HOWARD BERKES: The photo on the mantel is from a time when the Jones family was whole. And everybody in it is smiling. Judy Jones Petersen smiles, at first, as she pulls it down, holding her white toy Chihuahua in one hand and this treasured memory in the other.
Ms. JUDY JONES PETERSEN: My mother, this beautiful saint, this angel, has not only lost my sister and my dad, but the losing of my brother has really taken its greatest toll.
BERKES: Dean Jones was 50 when he died April 5th in the Upper Big Branch coal mine in West Virginia's Coal River Valley. And Judy was six when Dean and his twin brother were born.
Dr. Petersen: This family will never be the same again. This family is fractured. There's no healing this family.
BERKES: Petersen smiles again as she places the photo back on the mantel. Look at my beautiful brother, she says. With that image and that loss, Petersen traveled from her Charleston home Tuesday night to an auditorium an hour away, where other Upper Big Branch families gathered. It was finally time to hear the official explanation, in a preliminary form they were told, of how and why their loved ones died.
Dr. Petersen: I could never have believed that there could have been such neglect. To allow this mine to be so far out of compliance. And if everything would have been running properly, no life would have been lost that night.
BERKES: Dean Jones was at the far end of that blast with a crew of eight. He was the section boss with 30 years underground.

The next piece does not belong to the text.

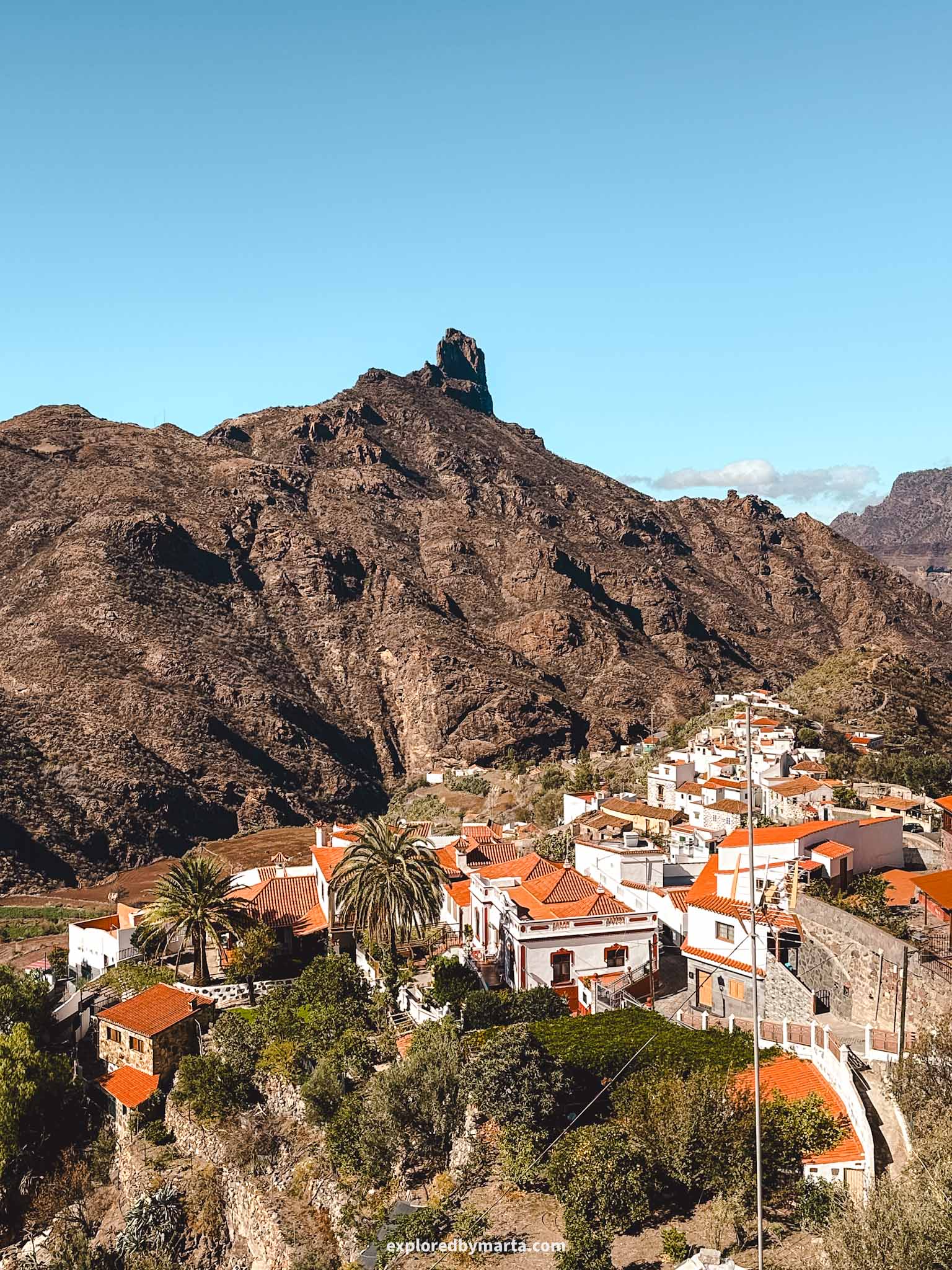 Gran Canaria, Spain-Tejeda village is one of the most beautiful villages in Gran Canaria, Spain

Dr. Petersen: My brother was an obsessive-compulsive person about these issues of safety. But unfortunately the company standard would not allow people like my brother to look after the safety of his men.

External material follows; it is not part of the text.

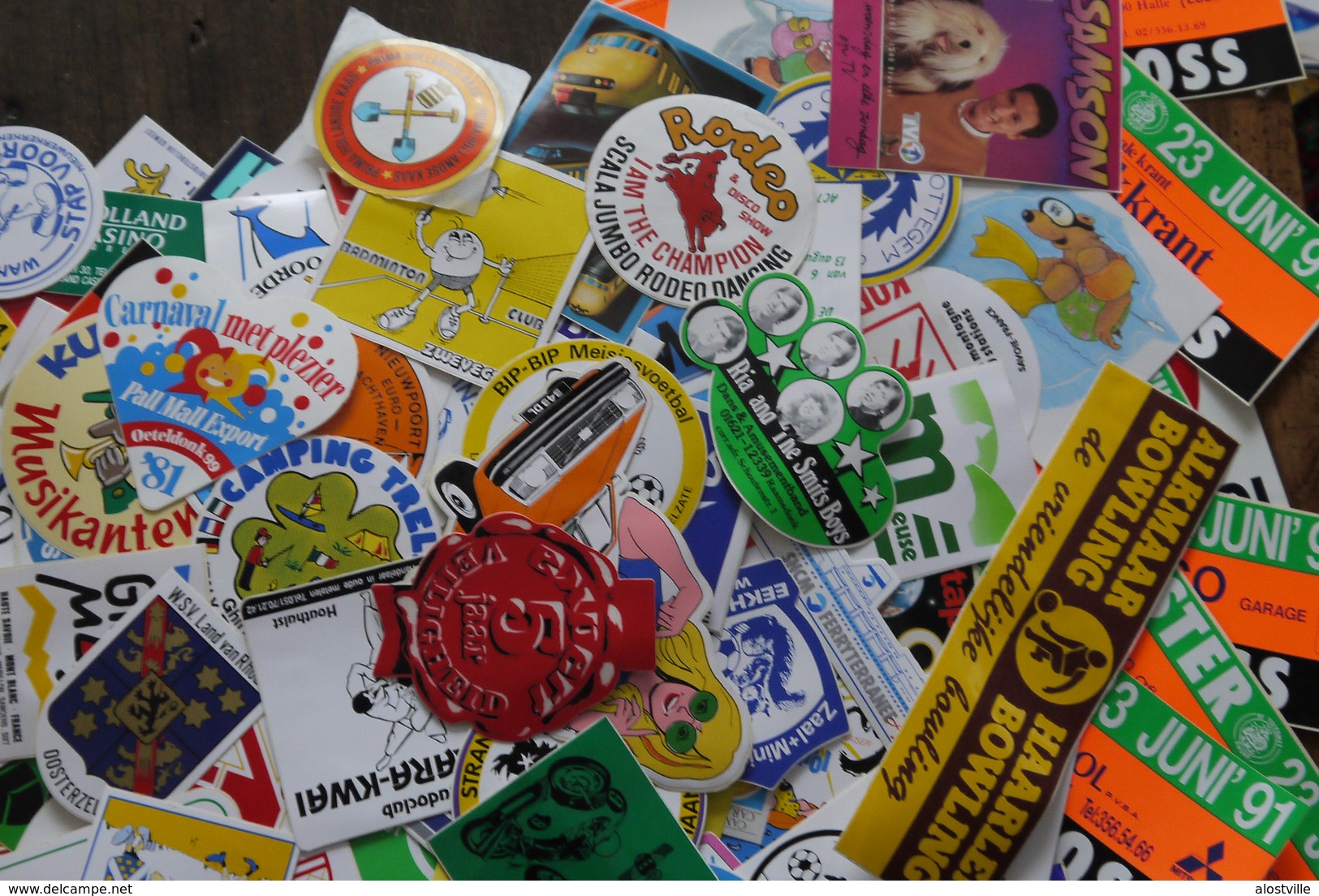 Lot Stickers Zelfklevers Ong. Env. 5500  Autocollants Extreem Groot Grand Lot - Autocollants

BERKES: Dean's mother-in-law testified before a congressional committee about alleged threats of dismissal when Jones stopped his crew from producing coal in unsafe conditions. She also testified before a federal grand jury.
Jones stayed on the job, his sister says, because his son has cystic fibrosis, and might be difficult to insure in another job. That's how Judy Jones Petersen explains the pressure miners in general may feel to quietly tolerate the conditions at Upper Big Branch. But she has no patience for mine owner Massey Energy for allegedly allowing such conditions to exist.
Dr. Petersen: Where is the integrity in this system? And that has to change. That culture must change. And the reason I'm doing this, Howard, is I can't change anything about the wounds that have occurred for my family. But I don't want any other family to have to suffer what my family has had to suffer.
BERKES: Petersen is a physician, so she knows suffering and physical trauma. And she was one of the few family members who asked to see battered remains.
Dr. Petersen: Because I wanted to know from a scientific point of view how much force was generated on my brother and try to make a decision about whether or not my brother suffered. And when I looked at my brother in the body bag, it was - my brother was unrecognizable to me.
BERKES: Massey Energy had planned to conduct its own family briefing today but postponed it until next Friday because of a winter storm. Judy Jones Petersen says she'll be there, with vastly different images of her brother Dean etched in her memory, and armed with tough questions.
Howard Berkes, NPR News, Beckley, West Virginia.